Hi,

We would like to propose enabling Redis for a pluggable and modular compression for RDB instead of the current hard-coded LZF compression implementation. Compression would be placed behind a well-defined interface and new compression scheme and algorithm could be used without further changes to Redis Core. The change will not only extend the current behavior but will also make Redis ready to accept future compression schemas.

Big Data Databases like Cassandra, HBase etc. have also already adopted similar concept for compression feature.

Please let me know what you think.

Thanks! Fatima

Comment From: hpatro

I think this will be a good feature addition.

LZ4 compression seems to provide similar compression ratio with much faster compress/decompress rate. https://github.com/lz4/lz4

WDYT @oranagra @madolson ?

Comment From: oranagra

we can certainly do that, maybe as part of a bigger effort to make other things extensible (like disk / file access, same as we did for sockets). but please note a few things. 1. redis currently uses compression for both rdb format (compressing while saving), and also holding some compressed data in ram (quicklist). 2. changing the compression format of the rdb file (by loading a module) would obviously make the rdb files incompatible with other redis instances (who don't have that module).

Comment From: madolson

I think it's probably worth adopting LZ4 into the project. It's rather small and provides some small performance and density improvements. As part of that work, we could look into making the compression extensible?

Comment From: hpatro

@oranagra changing the compression format of the rdb file (by loading a module) would obviously make the rdb files incompatible with other redis instances (who don't have that module).

Yeah I was thinking about the same. This feature/compression-type should be enabled by admin only after the entire cluster is upgraded to the supported version. The other thought which I had which is only applicable for replication is to fallback to lzf compression on receiving error about the new compression method.

@madolson It's rather small and provides some small performance and density improvements

I did try integrating lz4 (10 MB additional package size for lz4 subproject commit ecf92d0897587c0f641df9db83c910fd236cb18a) with Redis.
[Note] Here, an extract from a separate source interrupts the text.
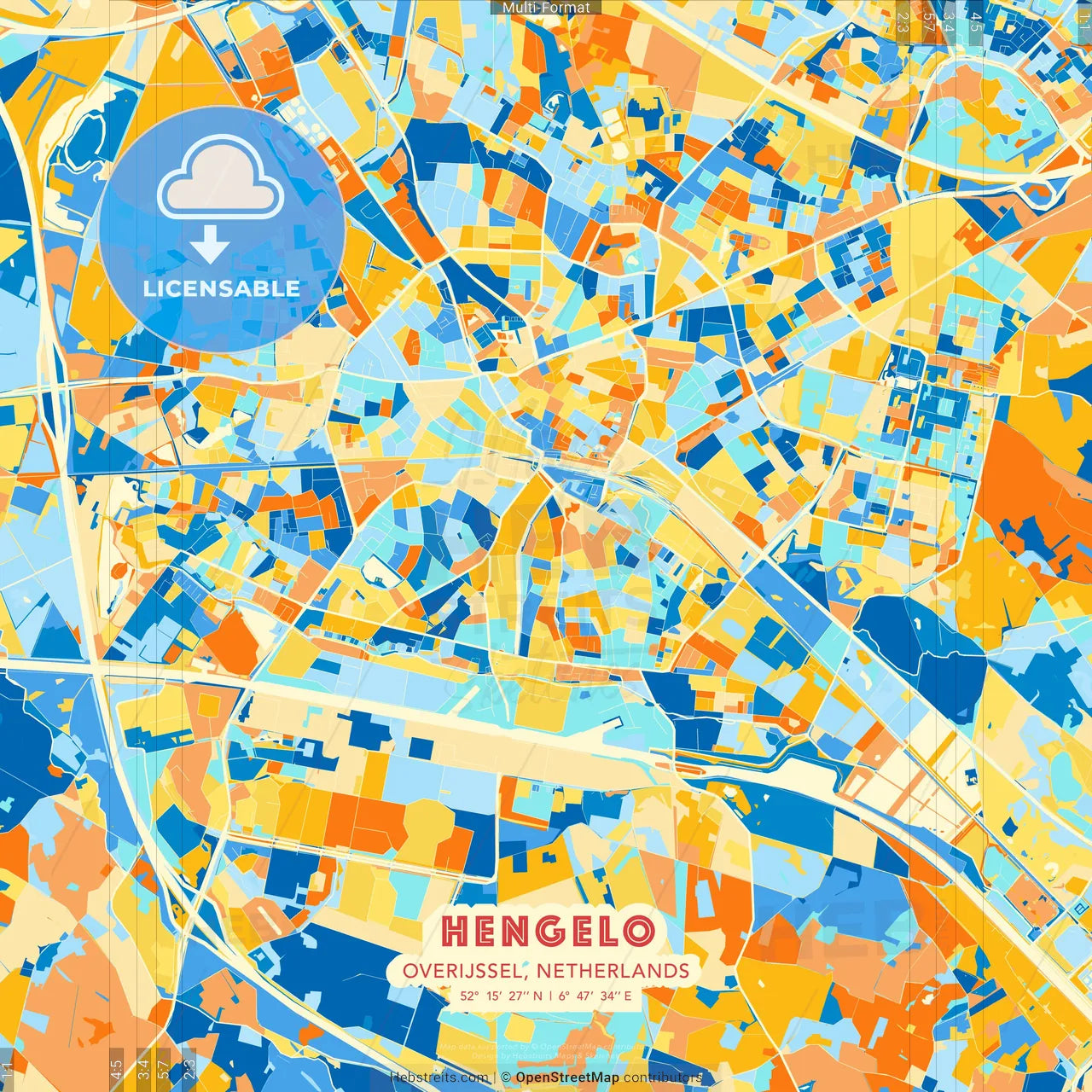 Hengelo, Overijssel, Netherlands blue and orange vector art map template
The redis binary size increases from 2671296 to 2772440 bytes.

The performance improvement was really good with dummy redis-benchmark data.

Data generation:

src/redis-benchmark -t set -n 1000000 -q -d 20000 -r 1000000

Performance:

Compression Type BGSAVE time (sec) RDB size (Mb) load time (sec)
LZ4 1089 8612.88 18.918
LZF 1251 12405.38 32.34

This experiment was done on my Mac (2.6 GHz 6-Core Intel Core i7), could have noise but gives a ballpark about the improvements we could achieve.

Comment From: madolson

@oranagra @yossigo Do you guys have any concerns importing LZ4 into the project? It's both faster and better than LZF, so it seems like it's basically free outside of the extra code complexity of needing the backwards compatibility of LZF. We can independently evaluate adding more extensibility as we do the work.

Comment From: oranagra

I'm okay with changing the compression with a better and having rgb format change, but I don't wanna have it configurable and I don't wanna keep changing it again and again, so we need to switch only if we think the one we use now is outdated and the new one is here to stay. Also, looks like LZ4 code base quite large

Comment From: madolson

I'm okay with changing the compression with a better and having rgb format change, but I don't wanna have it configurable and I don't wanna keep changing it again and again, so we need to switch only if we think the one we use now is outdated and the new one is here to stay.

I agree.

Also, looks like LZ4 code base quite large

I believe we just need the .c/.h file, https://github.com/lz4/lz4/blob/dev/lib/lz4.c.

Comment From: oranagra

yes, still some 3500 compared to some 500 we have today, but i guess it's still ok.